Optionally, run the command:

make purge

to remove older and deleted versions of the Humdrum files from the cache system. These files will be placed in the ./cache/purge folder for review.

There is also a command to do all of the above steps at one time (except purging) in the base directory:

make update

Or to run the update process in the backgroud using nohup:

make un

URL data access

Data and analysis files stored in the cache directory can be accessed on the web via the following example URLs. The primary data server is at https://data.josqu.in .
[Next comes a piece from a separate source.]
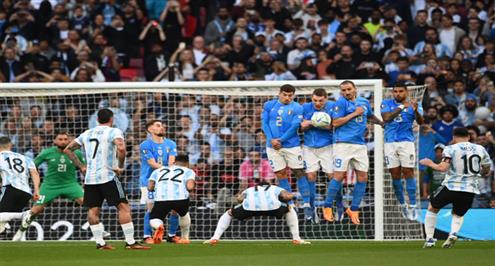 ملخص مباراة إيطاليا والأرجنتين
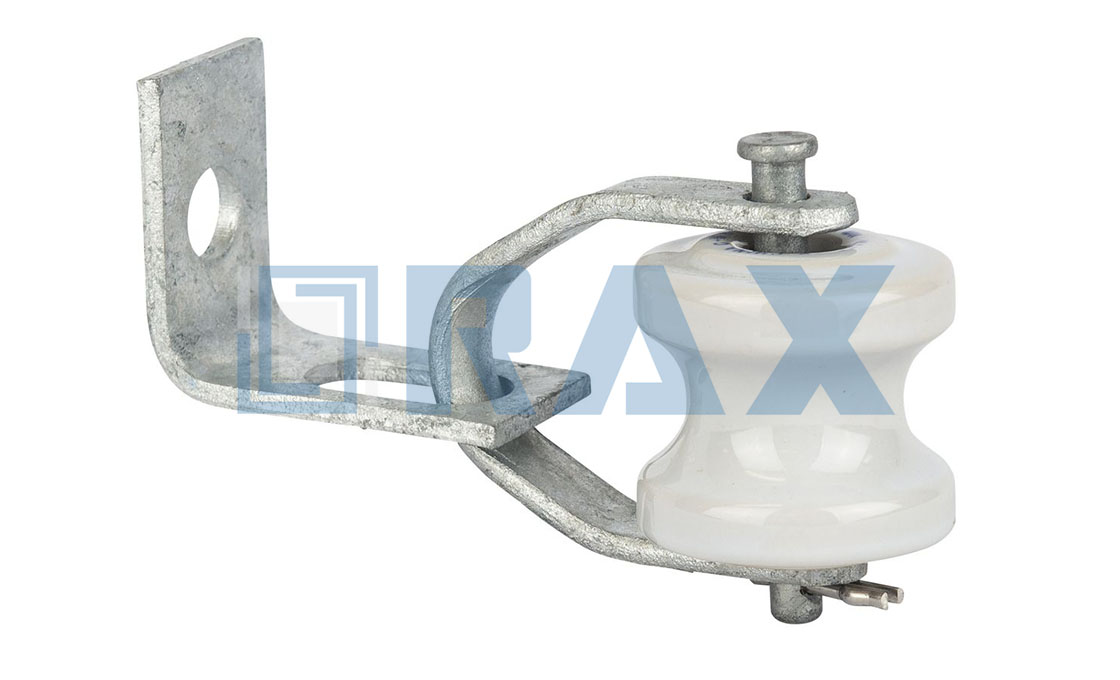 Deadend Clevis with insulator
https://data.josqu.in/Jos2721 (primary server)
Return Humdrum data for JRP ID `Jos2721`.
https://data.josqu.in/Jos2721.krn
Explicitly request Humdrum data (default behavior if no data format specified).
https://data.josqu.in/Jos2721format=krn
Verbose request for Humdrum data using URL parameter.
https://data.josqu.in/Jos2721?format=kern
Alternate verbose request for Humdrum data using URL parameter.
https://data.josqu.in/Jos2721.mei
Request MEI conversion of file.
https://data.josqu.in/Jos2721.musicxml
Request MusicXML conversion of file.
https://data.josqu.in/Jos2721.xml
Alternate request MusicXML conversion of file.
https://data.josqu.in/Jos2721-La_Bernardina.krn
Full filename can be given (but from and after first `_` in filename will be ignored internally).
https://data.josqu.in/Jos2721-La_Bernardina.musicxml
Full filename access to MusicXML conversion.
https://data.josqu.in/random
Get a random Humdrum file.
https://data.josqu.in/random.musicxml
Get a random MusicXML conversion.

Setup

See also https://bit.ly/jrp-maintenance

Apache web server

An example Apache web server configuration is given in cgi-bin/apache.config. The important part of the configuration is:

RewriteEngine On
RewriteRule ^/([^?]*\?(.*))$ /cgi-bin/jrp-data-server?id=$1&$2 [NC,PT,QSA]
RewriteRule ^/([^?]*)$ /cgi-bin/jrp-data-server?id=$1 [NC,PT,QSA]
Header add Access-Control-Allow-Origin "*"
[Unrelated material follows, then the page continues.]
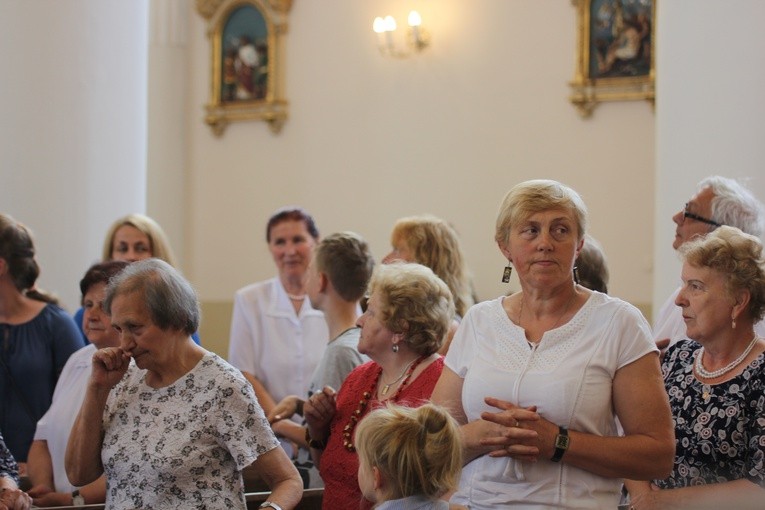 Poświęcenie zegara w Bąkowie Górnym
The Header line is important in order to allow cross-origin access to the data files.

The rewrite rules are used to simplify the URLs for data access. Access to the data appears as if it were a static file, but the server converts this filename into an id parameter that is passed on to the jrp-data-server CGI script.

CGI script

The interface between the URL and internal access to data is done with the CGI script cgi-bin/jrp-data-server.pl. Copy this file (via cgi-bin/Makefile) to the location for CGI scripts for the server.

Support software

Here is a description of support software needed to create derivatives files for the cache.

verovio

Install verovio on the server with these commands:

git clone https://github.com/rism-digital/verovio
cd verovio/tools
./.configure
make
make install

Note that cmake is required (and must first be installed if not available).
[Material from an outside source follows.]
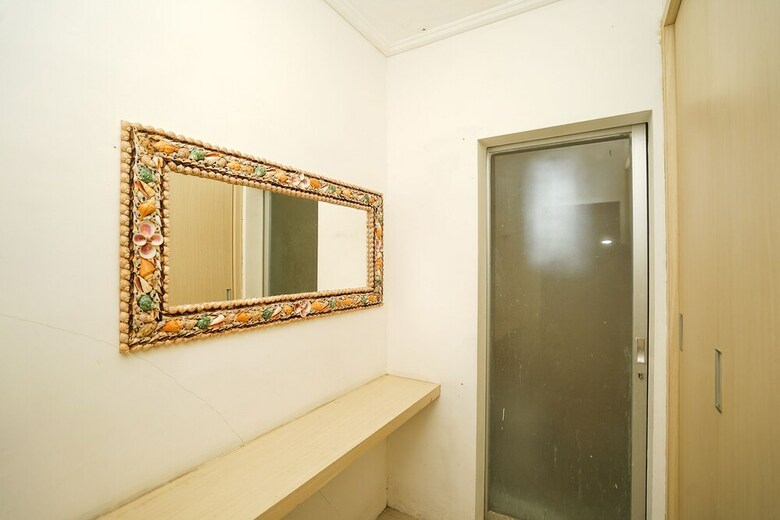 Hostal Oyo 511 Grace Residence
Verify that verovio was installed by running the command:

which verovio

which should reply /usr/local/bin/verovio.

aton2json

The aton2json program can be installed with these commands:

npm install -g posix-argv-parser
npm install -g aton2json
wget https://raw.githubusercontent.com/craigsapp/ATON/master/example/cli/aton2json -O /usr/local/bin/aton2json

Verify that aton2json was installed by running the command:

which aton2json

which should reply /usr/local/bin/aton2json

SELinux notes

To allow CGI scripts to run programs in a shell when SELinux, turn on the general permission with the command:

setsebool -P httpd_execmem 1

Then give permissions to run a particular program:

chcon system_u:object_r:httpd_exec_t:s0 program-file

For data access logging, the log directory should be given SELinux permissions:

chcon -R -t httpd_sys_content_t logs

And the web server should be made owner of the log directory.